Question

An artist's statue has a surface area of \(14.6 \mathrm{ft}^{2}\). The artist plans to apply gold leaf to the statue and wants the coating to be \(2.50 \mu \mathrm{m}\) thick. If the price of gold were \(\$ 1,774.10\) per troy ounce, how much would it cost to give the statue its gold coating? \((1\) troy ounce \(=31.1035 \mathrm{~g}\); the density of gold is \(19.3 \mathrm{~g} / \mathrm{mL}\).)

Short answer

The total cost to cover the statue with gold is calculated by finding the volume of the gold needed, converting it to mass, then finding the equivalent weight in troy ounces and finally multiplying by the cost per troy ounce.

Step-by-step solution

Calculate the Volume of Gold Needed

To calculate the volume of the gold leaf that will cover the statue, use the formula for the volume of a rectangular prism: volume (V) is equal to the surface area (A) times the thickness (t). The thickness must be converted from micrometers to feet: \(2.50 \mu m = 2.50 \times 10^{-6} m\) and then to feet by multiplying by 3.28084 (since 1 meter is equal to 3.28084 feet). The volume in cubic feet is then \(V = A \times t\).

Convert Volume to Cubic Meters

Convert the volume from cubic feet to cubic meters for easier computation with the density, which is given in grams per milliliter. Use the conversion factor \(1 \mathrm{ft}^3 = 0.0283168 \mathrm{m}^3\).

Find the Mass of Gold Needed

To find the mass of gold needed, multiply the volume by the density of gold. The volume should be in cubic meters and the density of gold is given as \(19.3 \mathrm{g}/\mathrm{mL}\), with \(1 \mathrm{mL} = 1\times10^{-3} \mathrm{L} = 1\times10^{-3} \mathrm{m}^3\). The result will give you the mass in grams.

Convert Mass to Troy Ounces

Convert the mass of gold from grams to troy ounces by using the conversion factor given in the problem: \(1 \mathrm{troy \ ounce} = 31.1035 \mathrm{g}\).

Calculate the Cost

To find the total cost to cover the statue, multiply the mass of the gold in troy ounces by the cost per troy ounce. The final result will be the cost in US dollars.

Key concepts

Understanding Surface Area to Volume Ratio

The surface area to volume ratio is a fundamental concept in various scientific fields, including chemistry. It is especially important when dealing with coatings, such as in the example of applying gold leaf to a statue. The surface area represents the total area that is exposed to the external environment, while the volume measures the space that a substance occupies.

To calculate the gold leaf needed, understanding the relationship between the surface area of the object and the volume of coating is crucial. This is because the amount of gold required will directly depend on the volume that needs to be covered, and this volume can be found by multiplying the surface area by the thickness of the coating. A higher surface area to a given volume means a thinner layer of material is necessary to cover the object, which in the case of gold leaf application, can significantly affect the cost.

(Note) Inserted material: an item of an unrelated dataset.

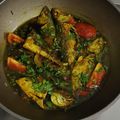 Cooksnap shima semasa beliau membuat Ikan Kembung Masak Kicap.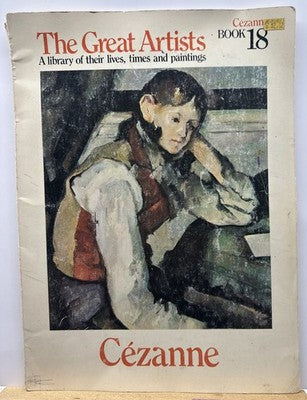 The Great Artists Book 18 Ce'zanne Magazine In OK Condition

For the artist's statue with a specific surface area, the gold leaf needed to cover it will have the same surface area but with a very small thickness, making the volume comparatively small. Hence, in cost calculations, we always strive to minimize the volume of expensive materials like gold to reduce overall expenses.

Importance of Unit Conversion

Unit conversion is a crucial skill in chemistry and everyday life. It allows us to translate measurements into different units for accurate comparisons and calculations. When working with units from different measurement systems, like micrometers (µm) and feet, or grams and troy ounces, conversions ensure that computations are correct and meaningful.

For example, in our exercise, the thickness of the gold leaf is given in micrometers, but the surface area of the statue is in square feet. To calculate the volume of the gold leaf needed, we need to convert the thickness to feet before multiplying by the surface area. Misinterpreting units or omitting conversion steps can lead to significant errors, potentially resulting in a costly miscalculation of the amount of gold needed.

Always pay close attention to the units presented and employ the correct conversion factors. Common conversions, such as meters to feet, grams to troy ounces, and cubic centimeters to cubic meters, are essential tools in the problem-solving toolkit of anyone working within the realm of science and mathematics.

Density Calculations in Context

Density calculations are a cornerstone in understanding how much space a certain mass of a substance will occupy and, conversely, the mass of a substance that will fill a particular volume. Density is defined as the mass per unit volume and is expressed in various units like grams per milliliter (g/mL) or kilograms per cubic meter (kg/m³).

In the case of the gold leaf, knowing the density of gold allows us to determine how much mass corresponds to the calculated volume that will cover the statue. By multiplying the volume by the density of gold, we obtain the mass in grams. To proceed with the cost calculation, we convert this mass to trestroy ounces since the price of gold is given per troy ounce.

Density plays a pivotal role in a wide range of applications from industrial to artistic, as it allows us to estimate the quantities of materials needed and their costs. Always remember that when dealing with density, the consistency of units throughout the calculation is just as important as applying the correct values for density itself.